Tennis. WTA - Règlement - Une coalition réclame l'abandon des tests génétiques obligatoires
Par Alexandre HERCHEUX le 15/08/2026 à 09:26
Le débat autour des nouveaux tests génétiques de la WTA est actif. Après les prises de position d'Aryna Sabalenka, Coco Gauff, Elena Rybakina ou encore Jessica Pegula, la contestation se déplace désormais sur le terrain institutionnel. Jeudi 13 août, Sport & Rights Alliance (SRA) a officiellement demandé à la WTA de suspendre sa nouvelle politique d'éligibilité et de consulter les joueuses concernées ainsi que des experts avant de poursuivre son application. La coalition demande à l'organisation d'abandonner ce dispositif, qu'elle juge discriminatoire.

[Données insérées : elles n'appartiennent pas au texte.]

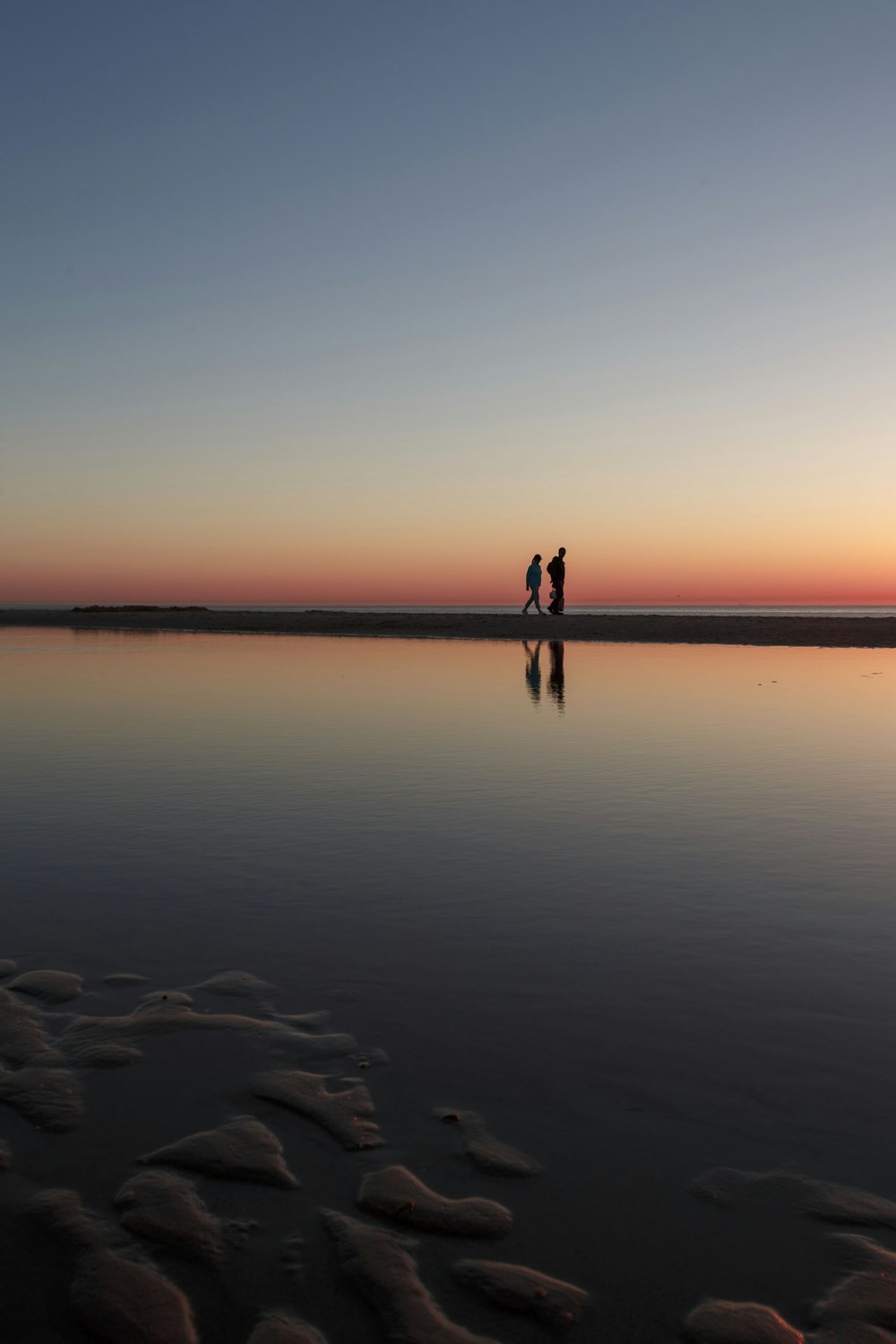 due persone in piedi sul molo della spiaggia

L'appel intervient à un moment particulier puisque les contrôles ont déjà commencé. Jessica Pegula avait confirmé cette semaine que les premiers dépistages avaient été réalisés à Cincinnati et avait décrit une procédure jusqu'ici "très facile, très simple, sans aucune plainte". La numéro 3 mondiale avait également expliqué que le sujet avait été discuté depuis plusieurs mois avec les joueuses.
Sport & Rights Alliance dénonce "stigmatisation et traumatisme"
Dans son communiqué publié le 13 août, Sport & Rights Alliance estime que la mesure expose les joueuses à des risques de stigmatisation, d'atteinte à la vie privée et, dans certains cas, à des examens médicaux supplémentaires. Sa directrice exécutive, Andrea Florence, a directement mis en cause la philosophie du dispositif : "Les bonnes intentions n'effaceront jamais la stigmatisation et le traumatisme que les femmes et les jeunes filles subiront en raison de ces tests."
ILGA World, organisation internationale de défense des droits des personnes LGBTQI, s'est associée aux critiques. Lily Dong Li Rosengard, responsable du plaidoyer au sein de l'organisation, estime que le règlement compromet la sécurité et la dignité des personnes évoluant sur le circuit. Elle souligne également qu'aucune femme transgenre ouvertement déclarée comme telle n'évolue actuellement au niveau professionnel. La SRA demande précisément à la WTA de suspendre immédiatement l'application du règlement et de revoir ses règles à la lumière des standards internationaux relatifs aux droits humains. Elle reproche notamment à l'instance un processus qu'elle considère trop rapide et insuffisamment concerté. Il s'agit de la position de la coalition et non d'une conclusion juridique ou médicale établie.